On our going downstairs again, Mrs. Jellyby asked me whether this troublesome business was really to take place next Wednesday? And on my replying yes, she said, "Will my room be required, my dear Miss Summerson? For it's quite impossible that I can put my papers away."
I took the liberty of saying that the room would certainly be wanted, and that I thought we must put the papers away somewhere. "Well, my dear Miss Summerson," said Mrs. Jellyby, "you know best, I dare say. But by obliging me to employ a boy, Caddy has embarrassed me to that extent, overwhelmed as I am with public business, that I don't know which way to turn. We have a Ramification meeting, too, on Wednesday afternoon, and the inconvenience is very serious."
"It is not likely to occur again," said I, smiling. "Caddy will be married but once, probably."
"That's true," Mrs. Jellyby replied, "that's true, my dear. I suppose we must make the best of it!"
The next question was, how Mrs. Jellyby should be dressed on the occasion. I thought it very curious to see her looking on serenely from her writing-table, while Caddy and I discussed it; occasionally shaking her head at us with a half-reproachful smile, like a superior spirit who could just bear with our trifling.
The state in which her dresses were, and the extraordinary confusion in which she kept them, added not a little to our difficulty; but at length we devised something not very unlike what a commonplace mother might wear on such an occasion. The abstracted manner in which Mrs. Jellyby would deliver herself up to having this attire tried on by the dressmaker, and the sweetness with which she would then observe to me how sorry she was that I had not turned my thoughts to Africa, were consistent with the rest of her behavior.

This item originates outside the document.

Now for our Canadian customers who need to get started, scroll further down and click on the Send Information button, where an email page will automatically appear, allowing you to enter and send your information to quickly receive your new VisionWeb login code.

The lodging was rather confined as to space, but I fancied that if Mrs. Jellyby's household had been the only lodgers in Saint Paul's or Saint Peter's, the sole advantage they would have found in the size of the building would have been its affording a great deal of room to be dirty in. I believe that nothing belonging to the family, which it had been possible to break, was unbroken at the time of those preparations for Caddy's marriage; that nothing which it had been possible to spoil in any way, was unspoilt; and that no domestic object which was capable of collecting dirt, from a dear child's knee to the door-plate, was without as much dirt as could well accumulate upon it.
Poor Mr. Jellyby, who very seldom spoke, and almost always sat when he was at home with his head against the wall, became interested when be saw that Caddy and I were attempting to establish some order among all this waste and ruin, and took off his coat to help. But such wonderful things came tumbling out of the closets when they were opened--bits of moldy pie, sour bottles, Mrs. Jellyby's caps, letters, tea, forks, odd boots and shoes of children, firewood, wafers, saucepan-lids, damp sugar in odds and ends of paper bags, foot-stools, blacklead brushes, bread, Mrs. Jellyby's bonnets, books with butter sticking to the binding, guttered candle-ends put out by being turned upside down in broken candlesticks, nut-shells, heads and tails of shrimps, dinner-mats, gloves, coffee-grounds, umbrellas--that he looked frightened, and left off again. But he came regularly every evening, and sat without his coat, with his head against the wall; as though he would have helped us, if he had known how.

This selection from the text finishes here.